The stops continued to rise by the tens of thousands, as police officials pushed to drive crime levels even lower. And although the dialogue never changed, the slow unmaking of the stop-and-frisk strategy had quietly begun.
In a 16th-floor conference room in TriBeCa, roughly 40 different groups of researchers, lawyers and community activists gathered in June 2011 to plan a unified political attack on the policing practice to go along with the one being mounted in the federal courts.
The groups coalesced under one name, Communities United for Police Reform, fanning out into neighborhoods with heavy police activity and becoming a regular and loud presence at rallies on the steps of City Hall and outside the federal courthouse in Manhattan. The mantra: Change the Police Department.
Their efforts, backed by $2.2 million in grants from George Soros’s Open Society Foundations, set the stage for a stunning repudiation of what has become the department’s signature street-level tactic, long defended by successive mayoral administrations.
In the City Council in late June and in a federal court on Monday, the Police Department suffered severe setbacks to its crime policy, and is now facing a court-ordered monitor, two police oversight bills and the possibility that its perceived legacy of a significant decline in crime may come with an asterisk.
“They redefined it successfully,” said Paul J. Browne, the department’s chief spokesman, crediting advocates from the Communities United for Police Reform, which includes the civil liberties group, the Center for Constitutional Rights, that brought the federal suit, Floyd v. City of New York.
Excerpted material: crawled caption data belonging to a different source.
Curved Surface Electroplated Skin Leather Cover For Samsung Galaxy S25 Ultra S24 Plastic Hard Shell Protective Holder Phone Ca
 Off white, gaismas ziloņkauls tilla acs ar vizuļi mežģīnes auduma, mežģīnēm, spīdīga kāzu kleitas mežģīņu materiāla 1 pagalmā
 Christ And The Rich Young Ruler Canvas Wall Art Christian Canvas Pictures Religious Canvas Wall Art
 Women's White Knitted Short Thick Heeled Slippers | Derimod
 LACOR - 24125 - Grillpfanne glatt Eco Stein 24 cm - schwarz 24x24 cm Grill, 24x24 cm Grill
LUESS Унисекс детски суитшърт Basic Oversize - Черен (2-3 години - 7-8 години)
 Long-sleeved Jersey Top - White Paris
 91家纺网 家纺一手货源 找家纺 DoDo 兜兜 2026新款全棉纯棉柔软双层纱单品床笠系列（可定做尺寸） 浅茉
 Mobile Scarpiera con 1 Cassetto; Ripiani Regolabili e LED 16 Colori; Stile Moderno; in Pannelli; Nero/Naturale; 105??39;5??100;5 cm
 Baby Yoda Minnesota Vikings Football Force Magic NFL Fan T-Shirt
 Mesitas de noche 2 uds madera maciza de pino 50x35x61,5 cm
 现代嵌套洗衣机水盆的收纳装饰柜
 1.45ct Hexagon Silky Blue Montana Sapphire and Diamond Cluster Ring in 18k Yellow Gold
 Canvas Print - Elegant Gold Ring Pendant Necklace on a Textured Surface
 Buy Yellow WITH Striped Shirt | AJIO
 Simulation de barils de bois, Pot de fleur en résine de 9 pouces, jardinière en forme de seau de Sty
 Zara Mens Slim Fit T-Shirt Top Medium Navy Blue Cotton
“By using data we’re required to produce,” Mr. Browne said, the advocates managed to reframe the debate over the stop-and-frisk policy as a numbers-oriented calculation of how often the police interactions resulted in arrests or summonses.
In a vast majority of the recorded stops, officers cited a reason other than fitting the description of a suspect as being the basis. And in nearly 90 percent of the cases, the person stopped was neither arrested nor given a summons.
“Stop-and-frisk isn’t stopping criminals,” said Donna Lieberman, the executive director of the New York Civil Liberties Union. “It is stopping innocent people.”
The battle over police stops in New York has many origins, but most see its beginnings in the killing of Amadou Diallo by a team of specialized police officers, who shot the man as he stood in the vestibule of his Bronx apartment building in 1999. That violent encounter — in the course of a stop on a darkened street — led to a report by Eliot Spitzer, then the state attorney general, titled “The New York City Police Department’s ‘Stop and Frisk’ Practices.”
“Obviously the killing of Diallo was a flash point,” said Andrew G. Celli Jr., who as the head of the civil rights bureau under Mr. Spitzer worked on the report. “But underneath it was a seething sense that people were living in a police state.”
The report shined a light on an area of policing that remained largely cloaked during the administration of Mayor Rudolph W. Giuliani, a time when data about police stops were not public, and advocates sparred more often with the department over individual actions by officers than over broad policy.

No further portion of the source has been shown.